Twenty Love Poems and a Song of Despair has served as inspiration for musical works. The Spanish band La Oreja de Van Gogh alludes to the book in their song Canción desesperada, while the Spanish singer-songwriter Álex Ubago reinterprets Neruda's Poem XX. The Mexican rock band Anabantha sets the lyrics of their song to Neruda's Poem XX as well. In 2005, the American group Brazilian Girls recorded the song Me gustas cuando callas, deriving its title from Poem XV. In 2001, the alternative rock musician Lynda Thomas released the flamenco song Ay, Ay, Ay as a single, which was based on this work. Singer-songwriters such as Paco Ibáñez and Joan Manuel Serrat have recited Neruda's Poem XX.

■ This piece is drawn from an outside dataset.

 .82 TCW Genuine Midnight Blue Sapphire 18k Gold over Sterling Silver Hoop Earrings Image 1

During the feminist march on International Women's Day on March 8, 2020, in Santiago, Chile, one of the protest signs modified Poem XV, changing Me gustas cuando callas porque estás como ausente ("I like you when you're silent because you're as if absent") to Me gustas cuando hablas porque estás siempre presente ("I like you when you speak because you're always present").

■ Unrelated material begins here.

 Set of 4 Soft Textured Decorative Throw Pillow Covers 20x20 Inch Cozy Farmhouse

This poetry book also serves as the subject of Pablo Larraín's acclaimed feature film, Neruda, starring Gael García Bernal. Additionally, the second album of the renowned Chilean series 31 Minutos is titled 31 canciones de amor y una canción de Guaripolo ("31 Love Songs and a Guaripolo Song"), making reference to the title of Neruda's book.

Twenty Love Poems and a Song of Despair remains Neruda's most well-known work and has sold millions of copies worldwide. It continues to be the best-selling poetry book in the Spanish language, even nearly a century after its initial publication. As of 2020, it is in the public domain in the United States.